» Work task: An exact copy of all the entries is needed, with no images in it.
"""
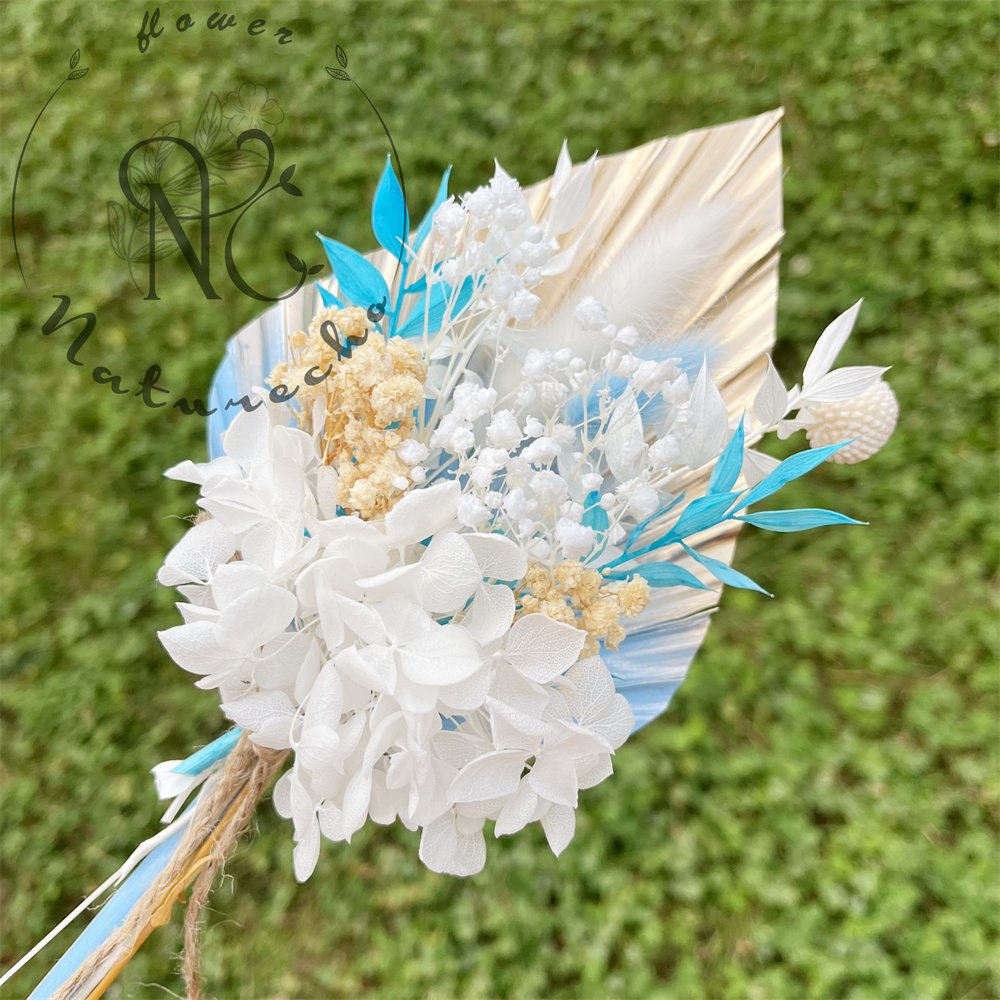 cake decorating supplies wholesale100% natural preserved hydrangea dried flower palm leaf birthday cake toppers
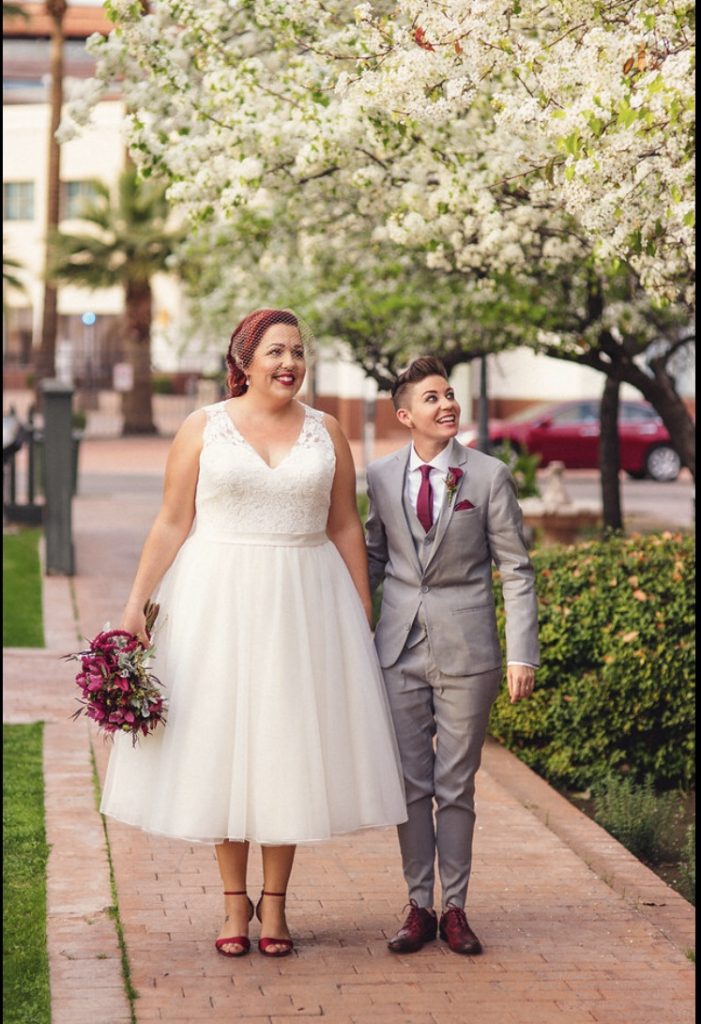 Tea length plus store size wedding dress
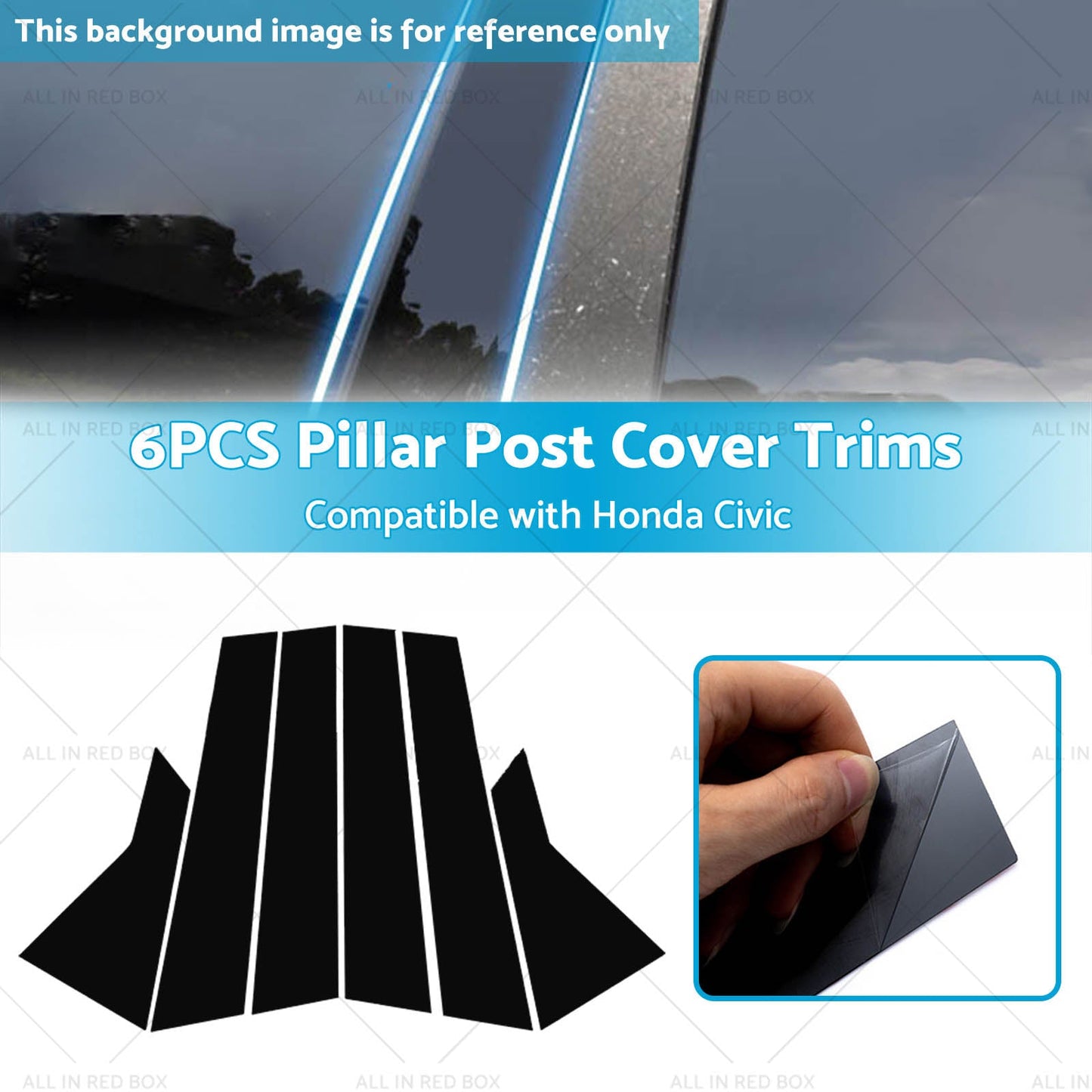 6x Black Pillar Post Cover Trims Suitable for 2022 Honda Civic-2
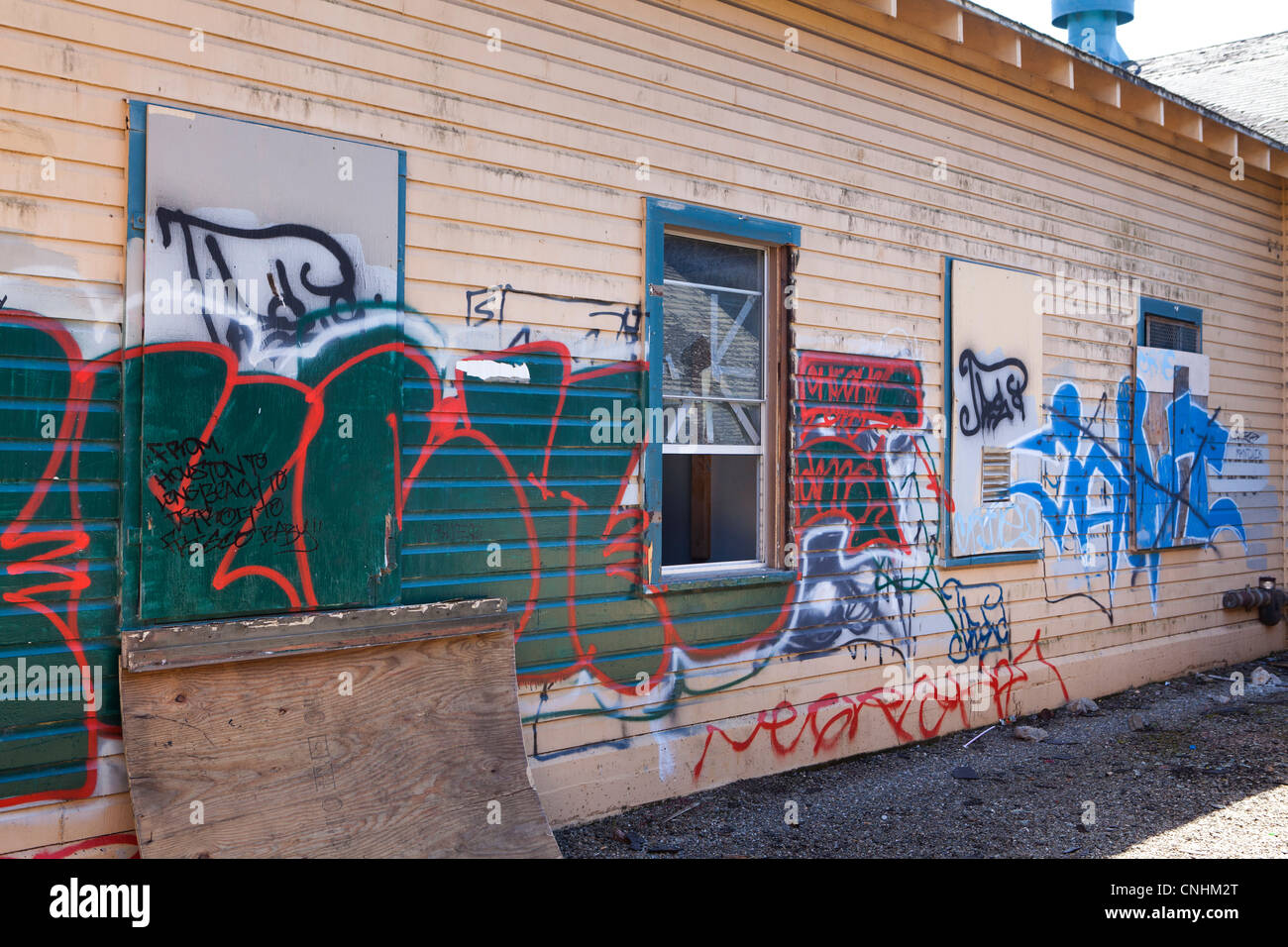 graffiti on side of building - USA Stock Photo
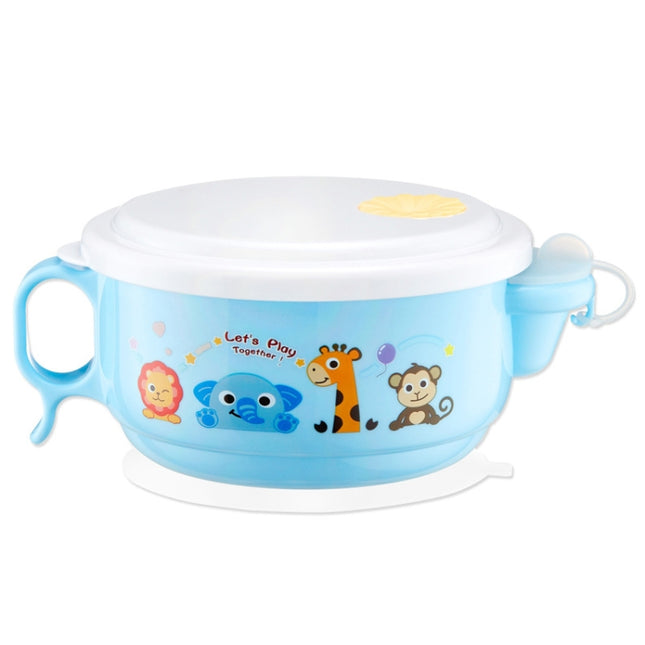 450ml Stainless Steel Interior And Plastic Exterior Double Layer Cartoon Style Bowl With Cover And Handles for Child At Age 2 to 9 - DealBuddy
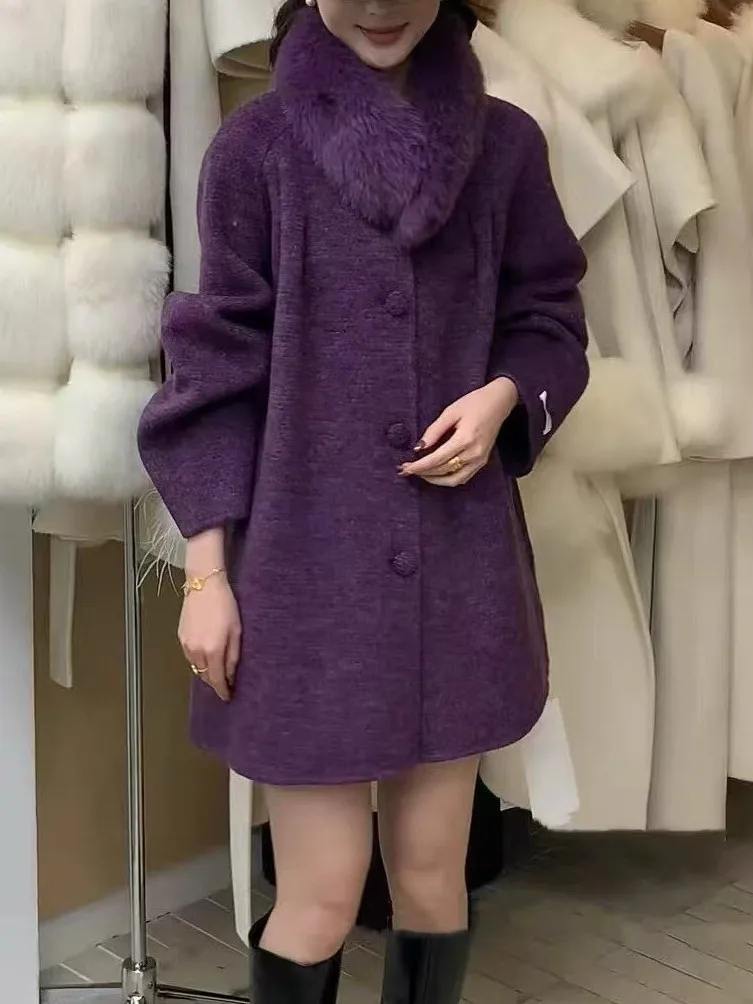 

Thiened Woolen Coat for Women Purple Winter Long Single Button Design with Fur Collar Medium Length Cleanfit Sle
"""
» Solution to the problem:
 cake decorating supplies wholesale100% natural preserved hydrangea dried flower palm leaf birthday cake toppers
 Tea length plus store size wedding dress
 6x Black Pillar Post Cover Trims Suitable for 2022 Honda Civic-2
 graffiti on side of building - USA Stock Photo
 450ml Stainless Steel Interior And Plastic Exterior Double Layer Cartoon Style Bowl With Cover And Handles for Child At Age 2 to 9 - DealBuddy

Thiened Woolen Coat for Women Purple Winter Long Single Button Design with Fur Collar Medium Length Cleanfit Sle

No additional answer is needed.